It is 178 years since the last recorded charge of blasphemy in Scotland, against the Edinburgh bookseller Thomas Paterson for ‘exhibiting placards of a profane nature’ in his shop window in 1842.
One of those placards announced that ‘Paterson & Co (of the Blasphemy Depot, London)… Beg to acquaint infidels in general and Christians in particular that… [we] will sell all kinds of printed works which are calculated to enlighten, without corrupting — to bring into contempt the demoralising trash our priests palm upon the credulous as divine revelation — and to expose the absurdity of, as well as the horrible effects springing from, the debasing god-idea.’ For good measure he added: ‘The Bible and other obscene works not sold at this shop.’ Richard Dawkins couldn’t have stuck it to Christians more pungently.
Anyway, Mr Paterson, a veteran of the English blasphemy wars, wanted a fight, and he got one. But interesting as his fate is, it’s not what you could call a current grievance. Which hasn’t stopped the Scottish government from proposing to do away with the blasphemy law, modernising it and extending it to cover discrimination against age, disability, race, religion and sexual orientation.
The Scottish Justice Minister Humza Yousaf said: ‘Stirring up of hatred can contribute to a social atmosphere in which discrimination is accepted as normal.
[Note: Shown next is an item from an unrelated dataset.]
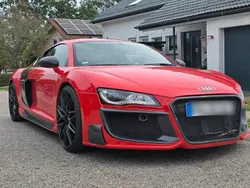 Rot Gebraucht 2010 Audi R8 Coupé Coupé | 89.900 €
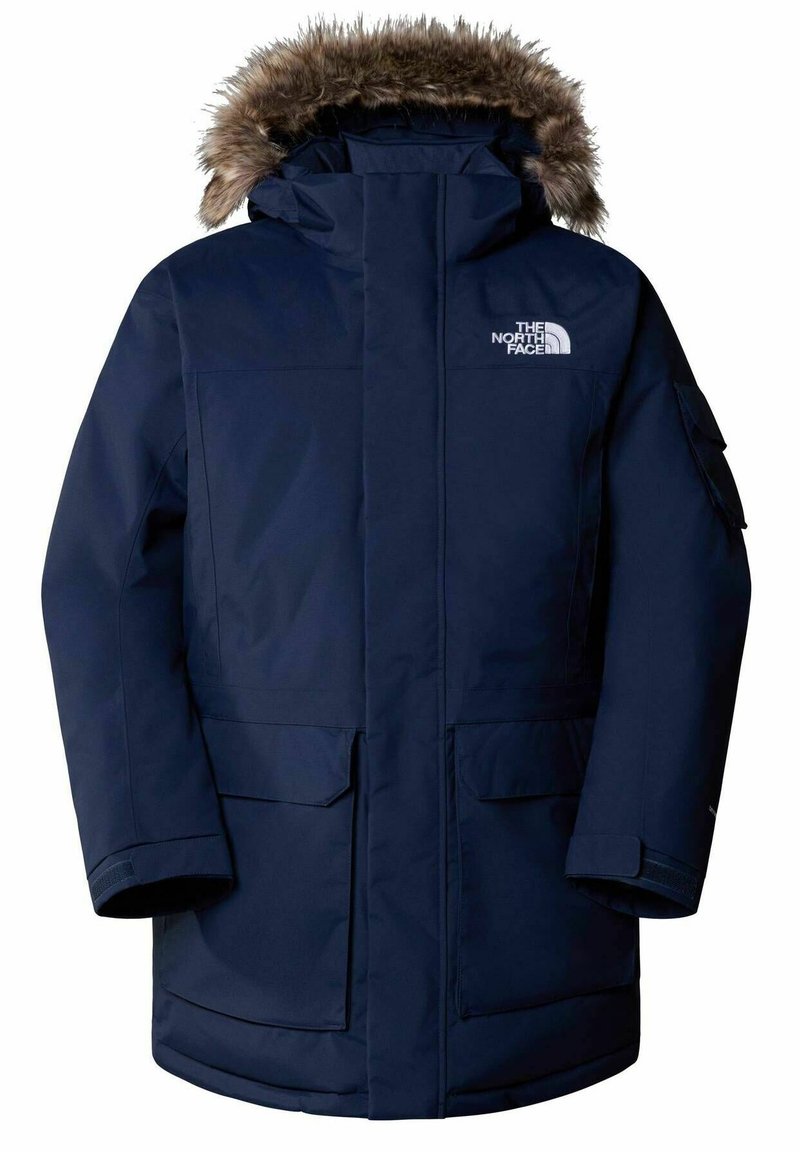 The North Face MCMURDO - Down coat - marine/dark blue - Zalando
By creating robust laws for the justice system, parliament will send a strong message to victims, perpetrators, communities and to wider society that offences motivated by prejudice will be treated seriously and will not be tolerated.’
Trouble is, offences motivated by prejudice lack the relative specificity of the old blasphemy law, which aimed originally to prevent the vilification of the Christian religion, and later, to prevent breaches of the peace caused by unbelievers outraging religious sensibilities in a wilfully provocative way.